Exercise requirements ::
Start to finish, repeat the records exactly.

Data in this exercise ::
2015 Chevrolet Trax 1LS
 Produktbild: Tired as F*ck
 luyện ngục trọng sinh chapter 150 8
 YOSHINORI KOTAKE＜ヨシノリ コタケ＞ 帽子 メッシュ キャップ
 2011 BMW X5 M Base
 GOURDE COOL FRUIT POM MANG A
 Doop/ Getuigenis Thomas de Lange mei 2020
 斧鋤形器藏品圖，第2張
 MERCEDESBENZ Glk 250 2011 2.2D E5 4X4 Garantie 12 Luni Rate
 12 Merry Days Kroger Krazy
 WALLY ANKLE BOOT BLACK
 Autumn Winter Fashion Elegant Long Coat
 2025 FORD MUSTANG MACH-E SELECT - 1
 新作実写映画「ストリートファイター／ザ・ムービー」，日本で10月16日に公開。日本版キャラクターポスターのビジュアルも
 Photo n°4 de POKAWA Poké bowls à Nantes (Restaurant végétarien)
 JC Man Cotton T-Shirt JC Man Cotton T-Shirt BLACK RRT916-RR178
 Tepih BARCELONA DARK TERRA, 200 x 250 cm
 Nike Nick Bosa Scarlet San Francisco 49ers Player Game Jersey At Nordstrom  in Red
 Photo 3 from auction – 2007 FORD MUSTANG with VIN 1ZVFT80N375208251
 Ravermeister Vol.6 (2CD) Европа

Solution to this exercise ::
2015 Chevrolet Trax 1LS
 Produktbild: Tired as F*ck
 luyện ngục trọng sinh chapter 150 8
 YOSHINORI KOTAKE＜ヨシノリ コタケ＞ 帽子 メッシュ キャップ
 2011 BMW X5 M Base
 GOURDE COOL FRUIT POM MANG A
 Doop/ Getuigenis Thomas de Lange mei 2020
 斧鋤形器藏品圖，第2張
 MERCEDESBENZ Glk 250 2011 2.2D E5 4X4 Garantie 12 Luni Rate
 12 Merry Days Kroger Krazy
 WALLY ANKLE BOOT BLACK
 Autumn Winter Fashion Elegant Long Coat
 2025 FORD MUSTANG MACH-E SELECT - 1
 新作実写映画「ストリートファイター／ザ・ムービー」，日本で10月16日に公開。日本版キャラクターポスターのビジュアルも
 Photo n°4 de POKAWA Poké bowls à Nantes (Restaurant végétarien)
 JC Man Cotton T-Shirt JC Man Cotton T-Shirt BLACK RRT916-RR178
 Tepih BARCELONA DARK TERRA, 200 x 250 cm
 Nike Nick Bosa Scarlet San Francisco 49ers Player Game Jersey At Nordstrom  in Red
 Photo 3 from auction – 2007 FORD MUSTANG with VIN 1ZVFT80N375208251
 Ravermeister Vol.6 (2CD) Европа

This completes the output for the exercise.